In today’s briefing:
- ESR Group (1821 HK): Consortium’s Scheme Cash/Scrip Privatisation Offer
- ESR (1821 HK): HK$13.00/Share Offer
- EM and DM Financials – 2025 High Conviction Ideas
- EQD | Global Option Implied Volatility – Kospi 200, Hang Seng, Nifty 50
- Georgia Capital – Successful disposal from the portfolio
- Triple Point Social Housing REIT – Fully covered DPS
ESR Group (1821 HK): Consortium’s Scheme Cash/Scrip Privatisation Offer
- ESR Group (1821 HK)’s preconditional scheme offer from the consortium is either cash (HK$13.00), scrip or a combination of cash/scrip. The offer is final.
- The precondition relates to several regulatory approvals. The precondition satisfaction does not carry the same risk as the China Traditional Chinese Medicine (570 HK) deal break.

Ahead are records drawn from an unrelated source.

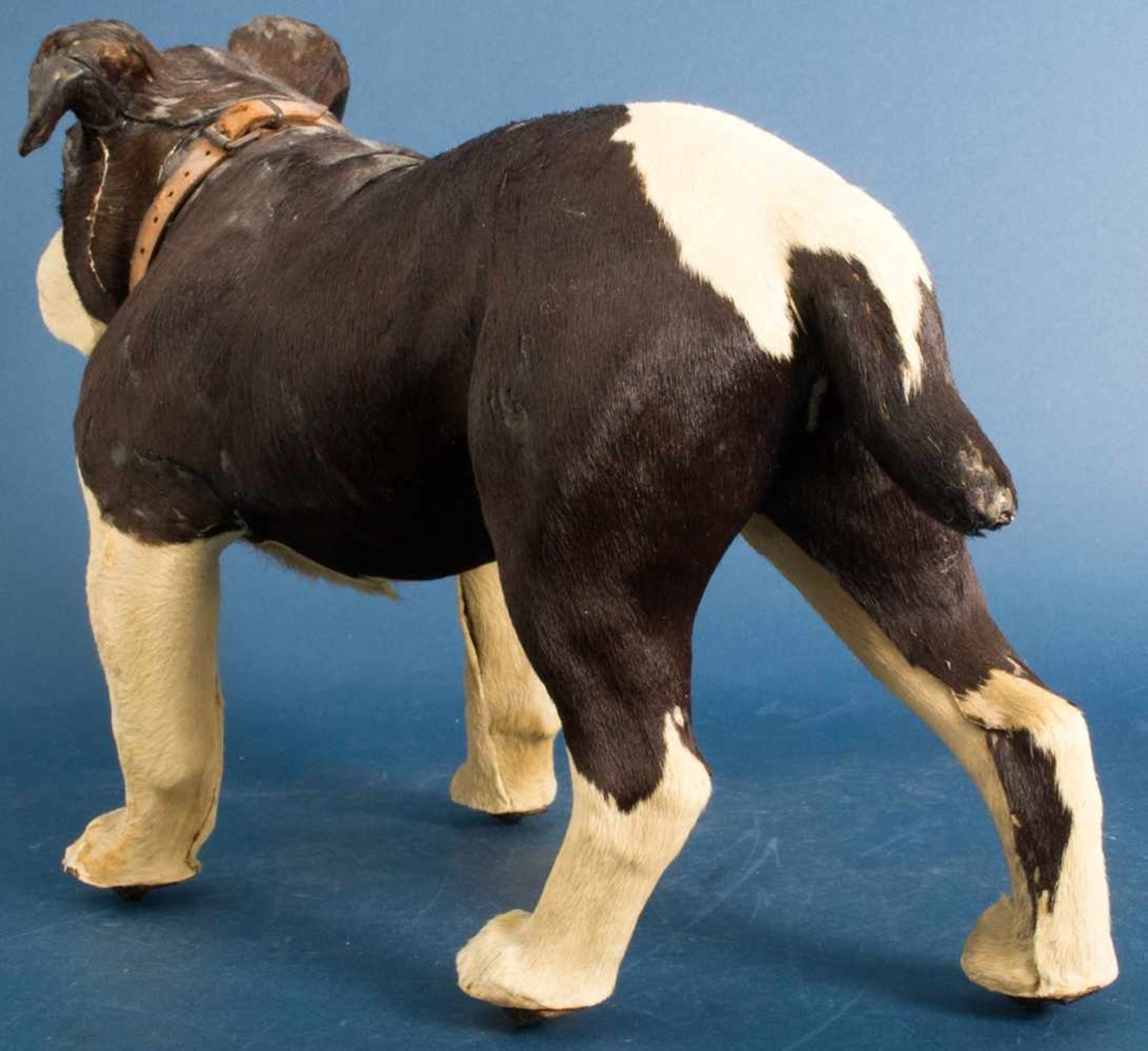 "Englische Bulldogge" zum Gassigehen, um 1900/20, Pappmache-Körper mit Kuhfell bespannt, eingesetzte - Image 7 of 17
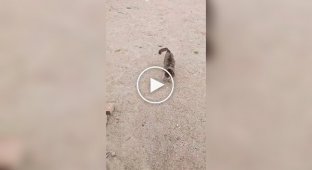 An elderly cat greets its owner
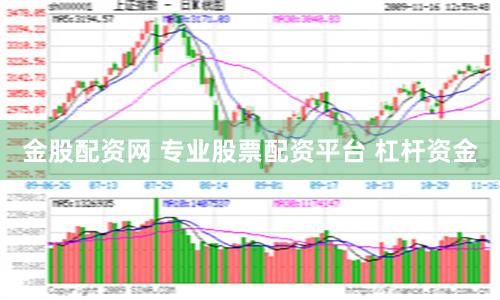 金股配资网 专业股票配资平台 杠杆资金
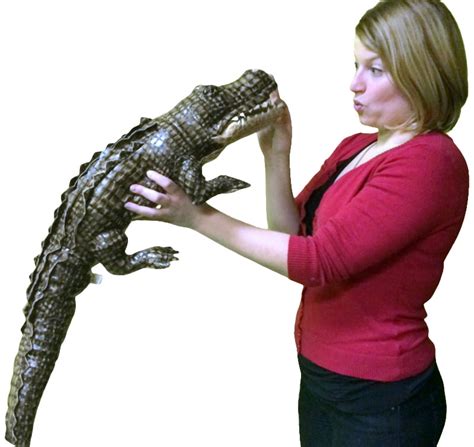 Large Stuffed Alligator 34 inches Long Big Plush Realistic Stuffed Animal High Quality - Walmart ...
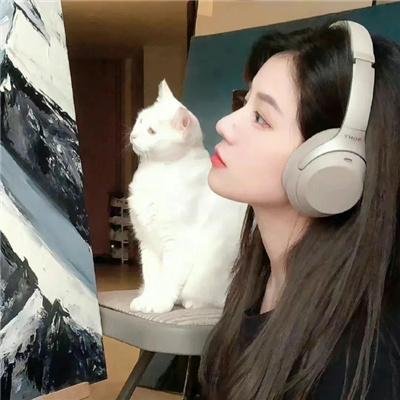 完美配对谋杀案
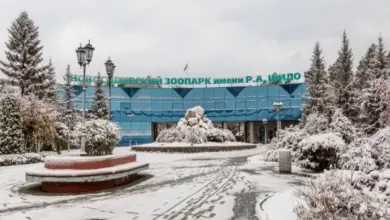 Новосибирский зоопарк: обмен животными с Баку и новые обитатели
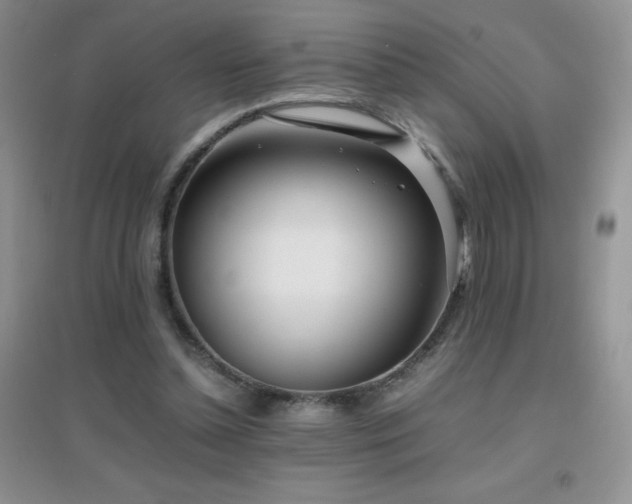 X0000097000348200802081449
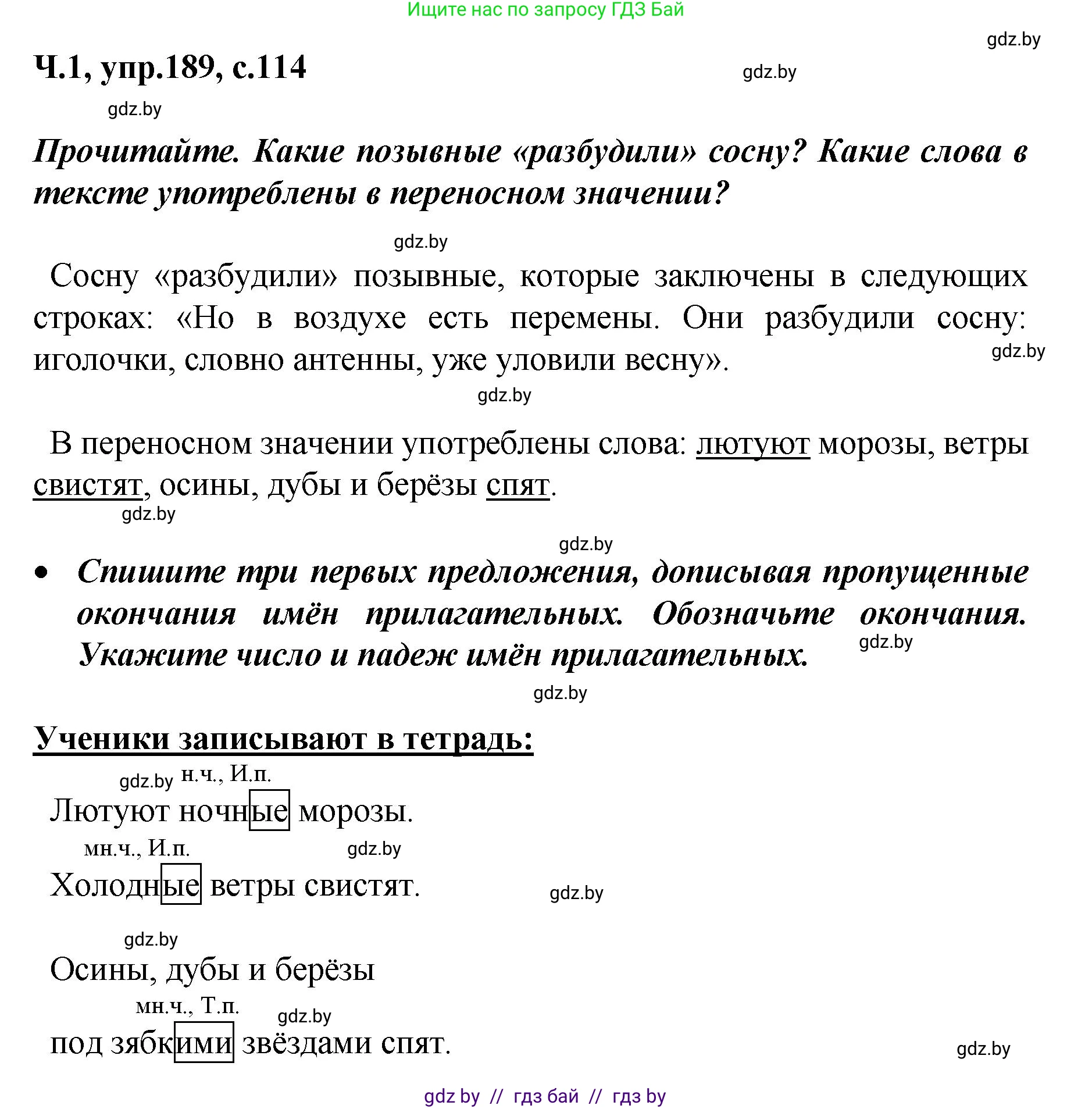 Русский язык, 4 класс Учебник, авторы: Антипова Маргарита Борисовна, Верниковская Алла Викторовна, Грабчикова Елена Самарьевна, издательство Академия образования, Минск, 2024, оранжевого цвета, Часть 1, страница 114, номер 189, Решение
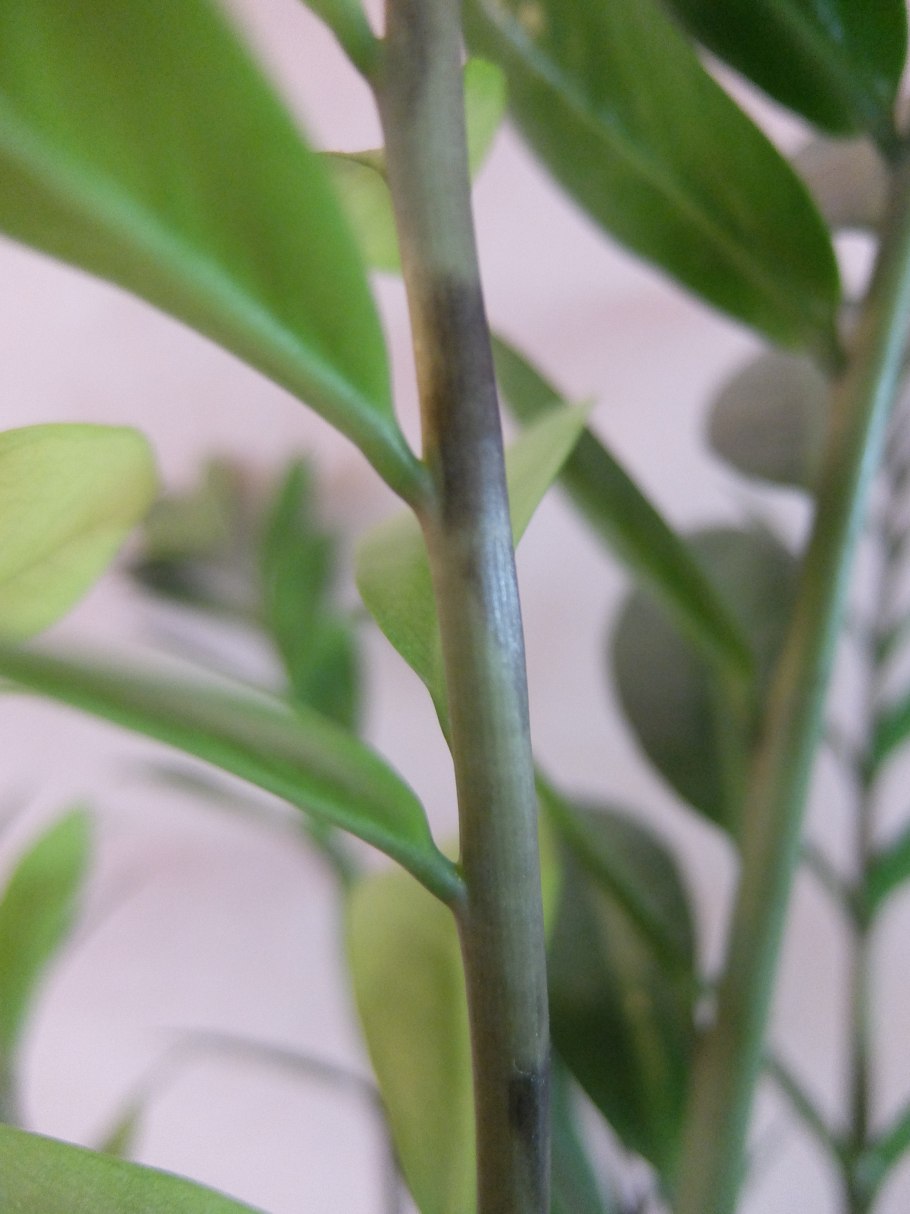 Антракноз замиокулькас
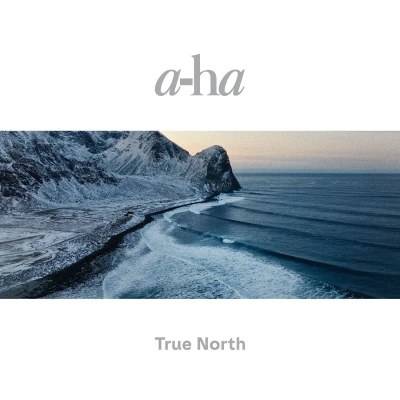 Afbeelding van A Ha True North (2 LPs)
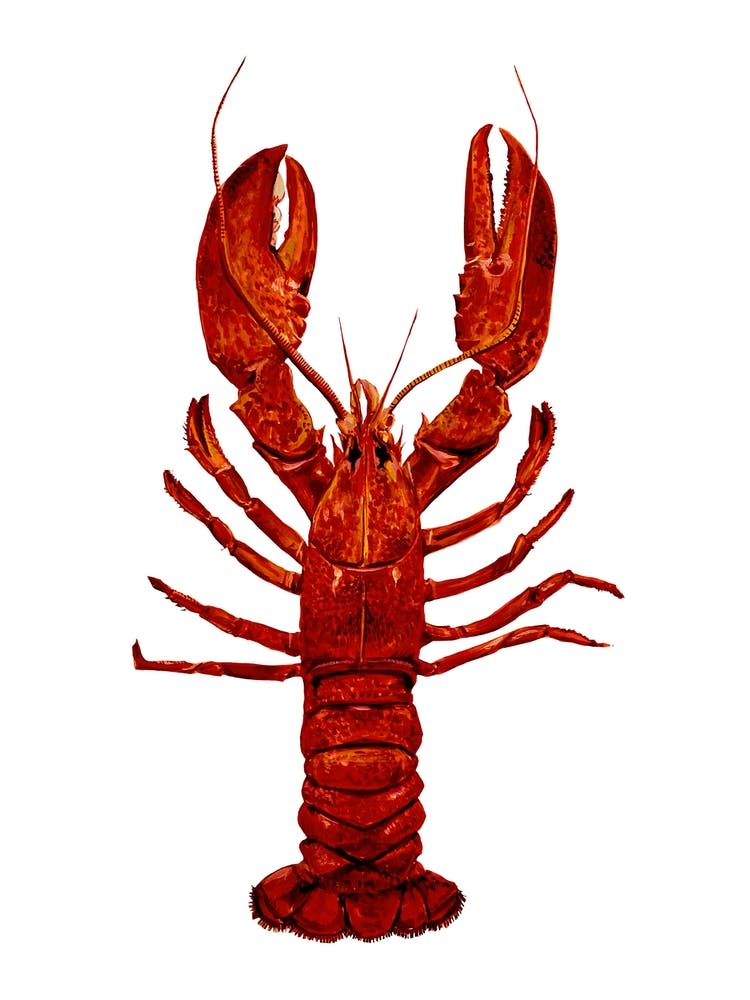 Lobster On White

- The irrevocable (31.03% of outstanding shares) ensure that shareholders with blocking or close to blocking stakes are supportive. This is a done deal, with timing the key risk.
ESR (1821 HK): HK$13.00/Share Offer
- HK$13.00/Share (deemed final). That’s the key takeaway here as the Starwood/Warburg Pincus Consortium (finally) tables a firm offer, by way of a pre-conditional Scheme.
- Pre-Conditions are extensive, with a long stop date of the 4th September 2025.
- HK$13.00 is below prior expectations of a HK$14+ handle. But with irrevocables of 30.79% of the register (and 51.24% of Scheme shares), this is done. A scrip option is afforded.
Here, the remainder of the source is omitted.